Regulatory Affairs Associate - Czech Republic

PRA international

Place of work
Czech Republic, Prague
Contract type

Information about the position

Job description, responsibilities and duties

As a Regulatory Affairs Associate (RAA) you are responsible for preparing, submitting and following up on initial and amended Ministry of Health (MoH), Central Independent Ethics Committee (IEC), and other central submissions required in Czech Republic. This includes the creation and modification of documentation required for approval.

Furthermore, you will ensure that all importation and exportation requirements are met for the Investigational Product and any other clinical trial supplies. You will review the translations of clinical trial supply labeling to ensure it meets local regulatory requirements.

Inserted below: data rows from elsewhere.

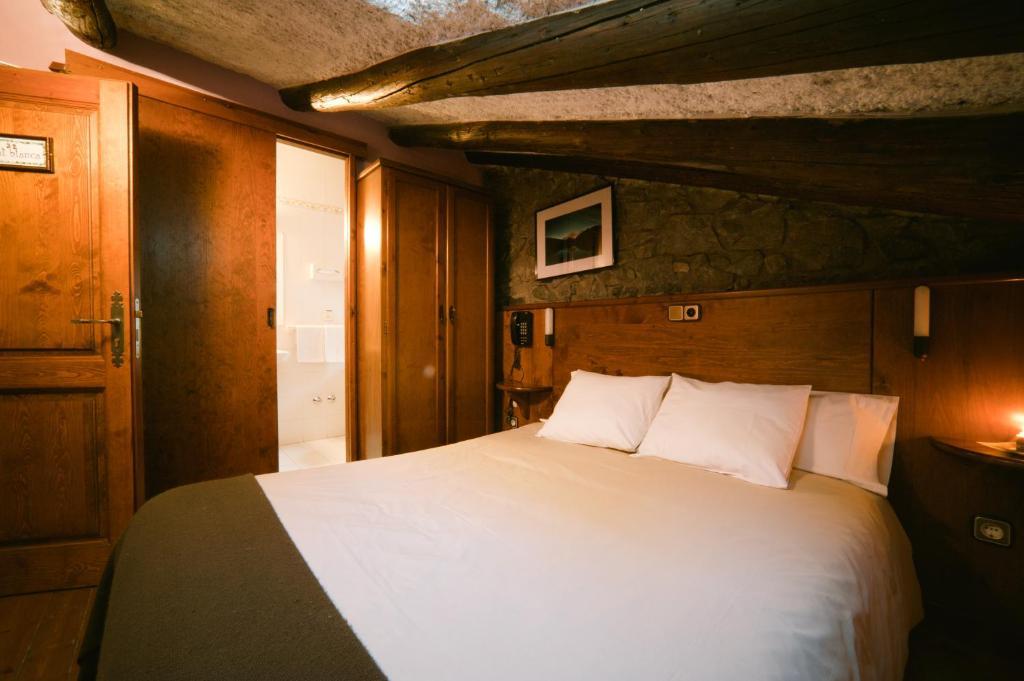 Hostal Cisco De Sans Ανδόρρα λα Βέγια Δωμάτιο φωτογραφία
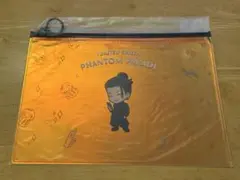 呪術廻戦 ファンパレくじ B賞　オーロラポーチ 夏油傑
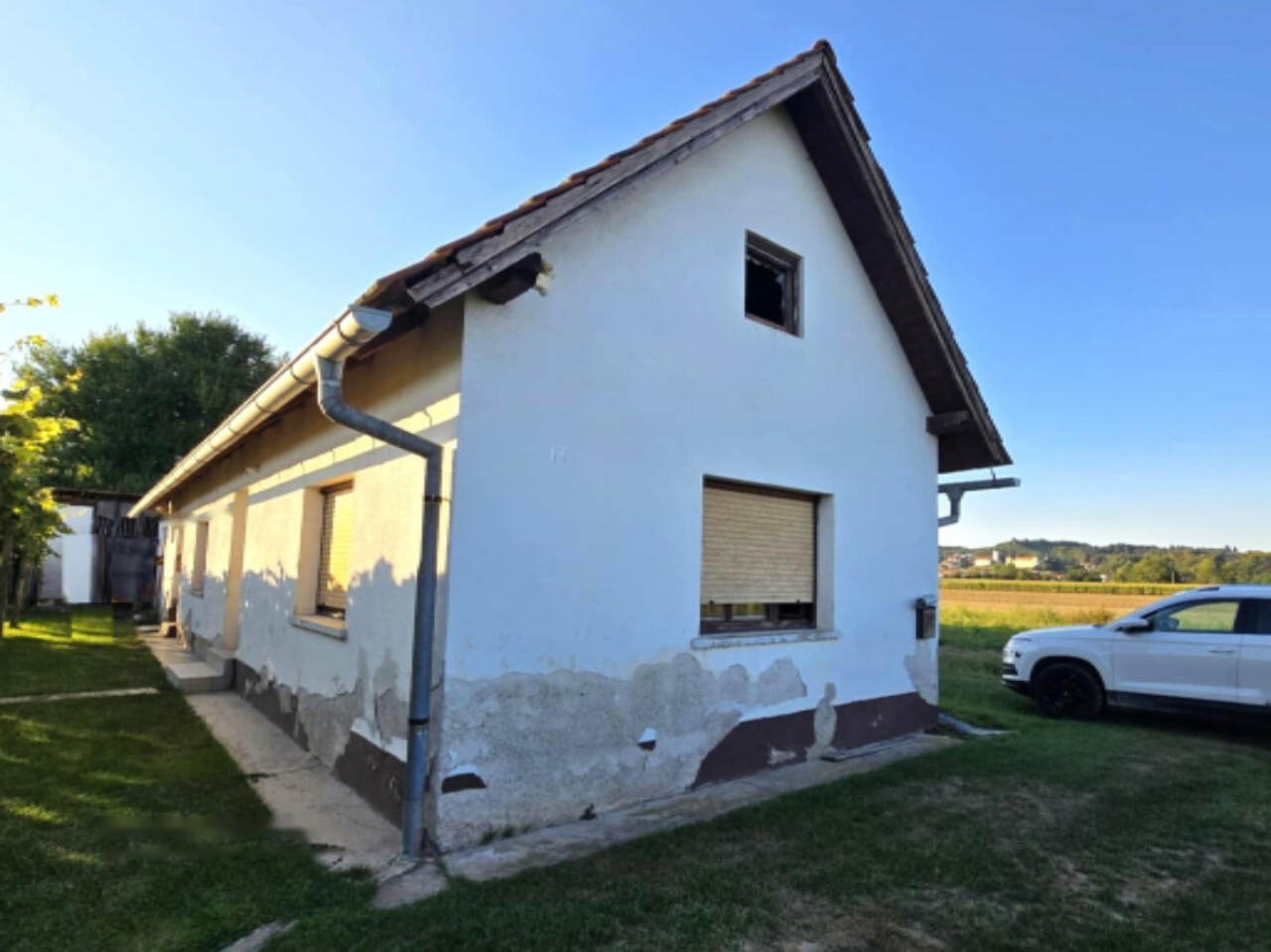 Дом в Рогашка-Слатине, Словения, 84 м² - фото 3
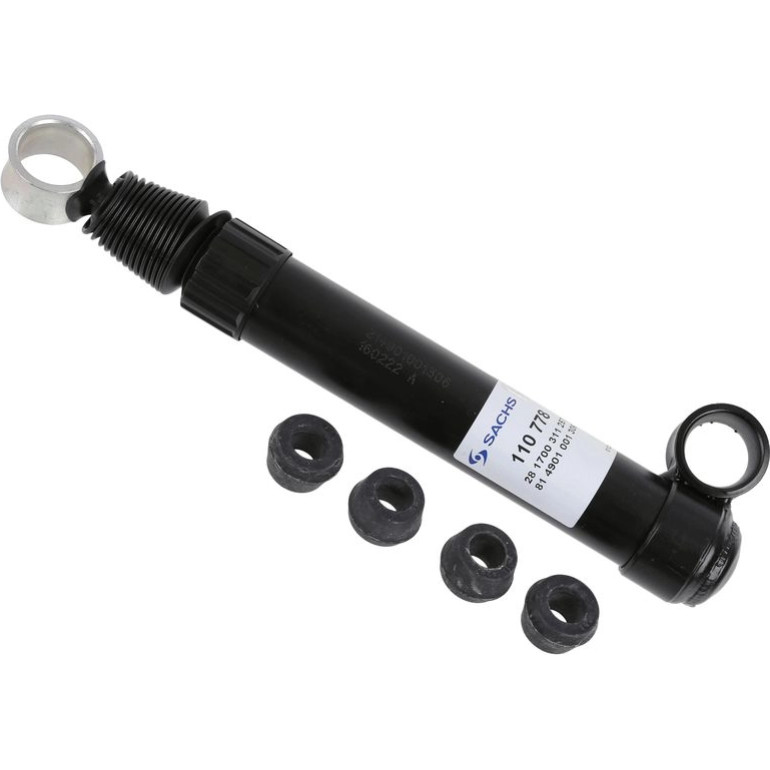 Stoßdämpfer 110 778 Stoßdämpfer 110 778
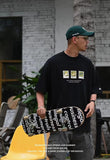 AFFD 23SS SKATEBOARD TEE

Additionally, you will make sure that Insurance Certificates, Country Specific Informed Consent forms and any other patient documentation adheres to country requirements.

Employee perks, benefits

Together with a competitive salary, we offer a comprehensive range of benefits and an excellent working environment. As we continue to expand, there will be career opportunities on a truly global scale.

PRA is an EEO/AA employer and is committed to providing opportunities to minorities, women, veterans and individuals with disabilities.

Requirements for the employee

Candidates with education suit the position

University education (Bachelor's degree)
University education (Master's degree)

Language skills

Czech - Advanced (C1) and
English - Advanced (C1)

Personality requirements and skills

To be considered for the Regulatory Affairs Associate position you must have a BA/BSc (or equivalent) in a related science field along with experience working within clinical trials regulatory affairs within either a pharma or CRO. Experience of Regulatory submissions is required. Fluency in Czech and English is essential.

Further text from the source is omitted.